The problem of leaking private messages makes me more paranoid, untrusting of others, and choosing to withold info (ideas, opinions, critics) that might help to improve workplace relationships, innovation, and overall problem solving.
I don't care, my behavior is respectful so they can leak all my private messages. Regarding the CEO leak, i think it's good peoples leak this kind of thing to show the true face of PR words and how a person that it's supposed to be a leader is.
Sure, but those should be in smaller groups, possibly only 1:1s IMO. I've always been of the mind that if you don't want information to get out to a broader audience, either don't put it in writing or don't say it in front of an already large audience (even if you say, "this is a secret...." that feels like a middle school mentality for information sharing).
The problem of leaking private messages makes me more paranoid, untrusting of others, and choosing to withold info (ideas, opinions, critics) that might help to improve workplace relationships, innovation, and overall problem solving.
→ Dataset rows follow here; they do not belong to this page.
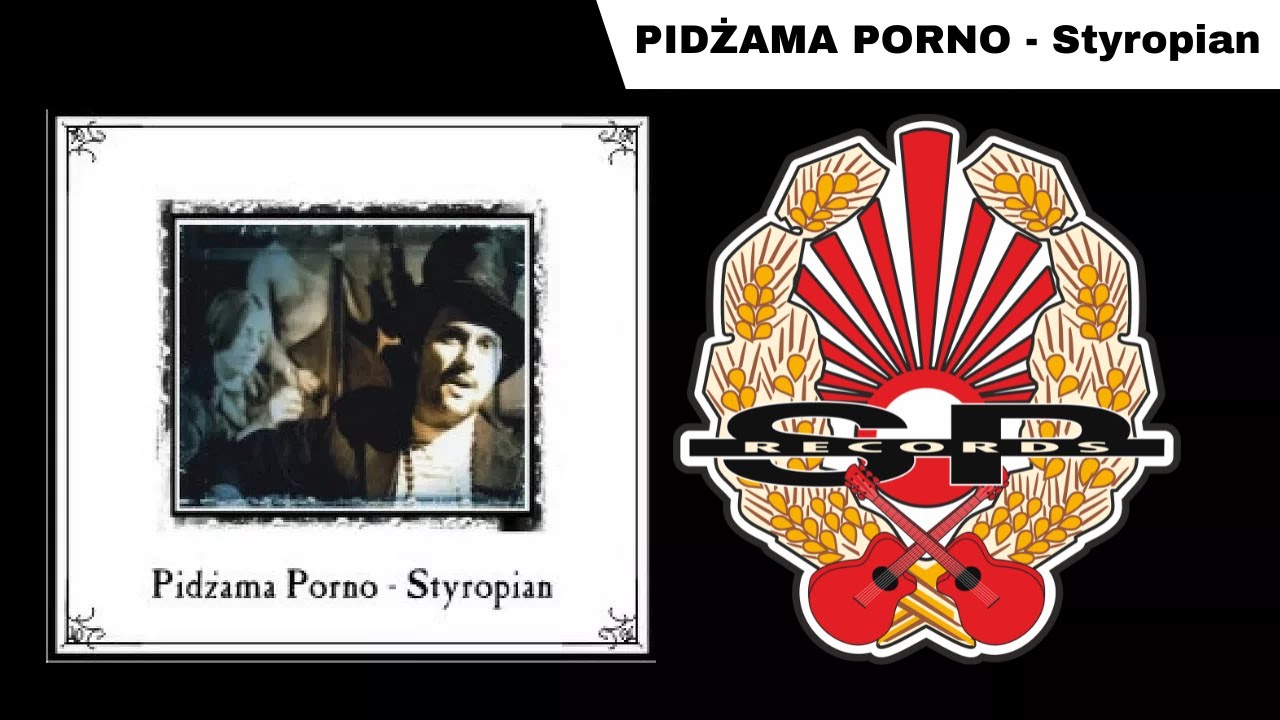 PIDŻAMA PORNO - Styropian [OFFICIAL AUDIO]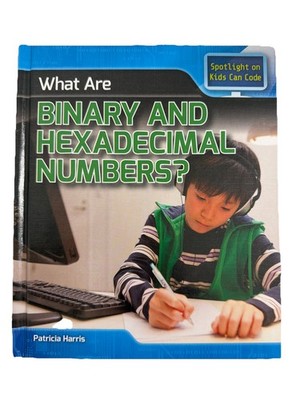 What Are Binary and Hexadecimal Numbers? by Harris Ph. D., Patricia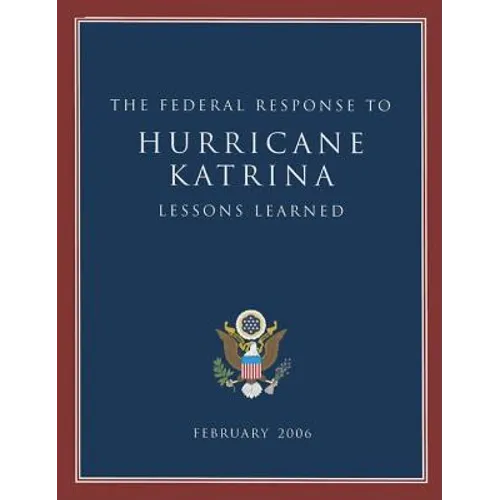 Lessons Learned: The Federal Response to Hurricane Katrina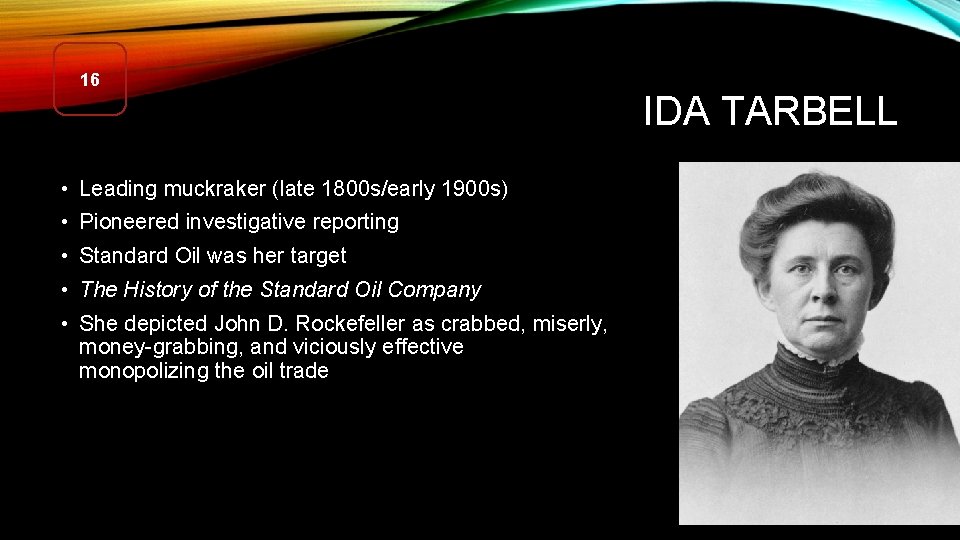 16 IDA TARBELL • Leading muckraker (late 1800 s/early 1900 s) • Pioneered investigative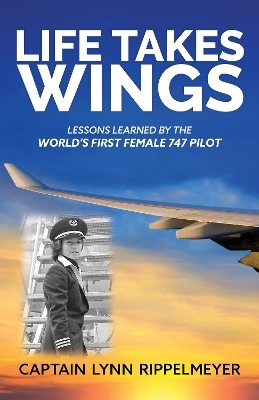 Life Takes Wings - Captain Lynn Rippelmeyer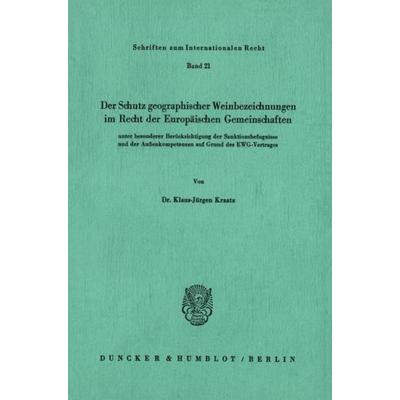 Der Schutz geographischer Weinbezeichnungen im Recht der Europäischen Gemeinschaften unter besonderer Berücksichtigung der Sanktionsbefugnisse und der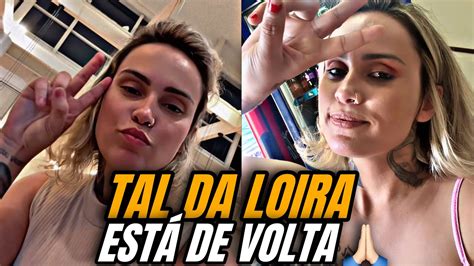 A Tal Da Loira Transando - TAL DA LOIRA ESTÁ DE VOLTA 🙏🏻🙏🏻 - YouTube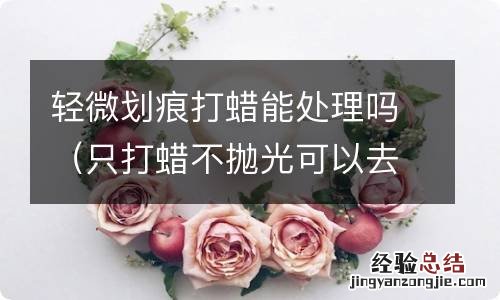 只打蜡不抛光可以去除划痕吗 轻微划痕打蜡能处理吗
yes, I think candour will be a casuality
I don't care, my behavior is respectful so they can leak all my private messages. Regarding the CEO leak, i think it's good peoples leak this kind of thing to show the true face of PR words and how a person that it's supposed to be a leader is.
1000% agree. If you can't be the same person with similar messaging, privately and publicly, then why not? What is there to hide?
can there be situations where you share private communications where you would not want the public to see?
Sure, but those should be in smaller groups, possibly only 1:1s IMO. I've always been of the mind that if you don't want information to get out to a broader audience, either don't put it in writing or don't say it in front of an already large audience (even if you say, "this is a secret...." that feels like a middle school mentality for information sharing).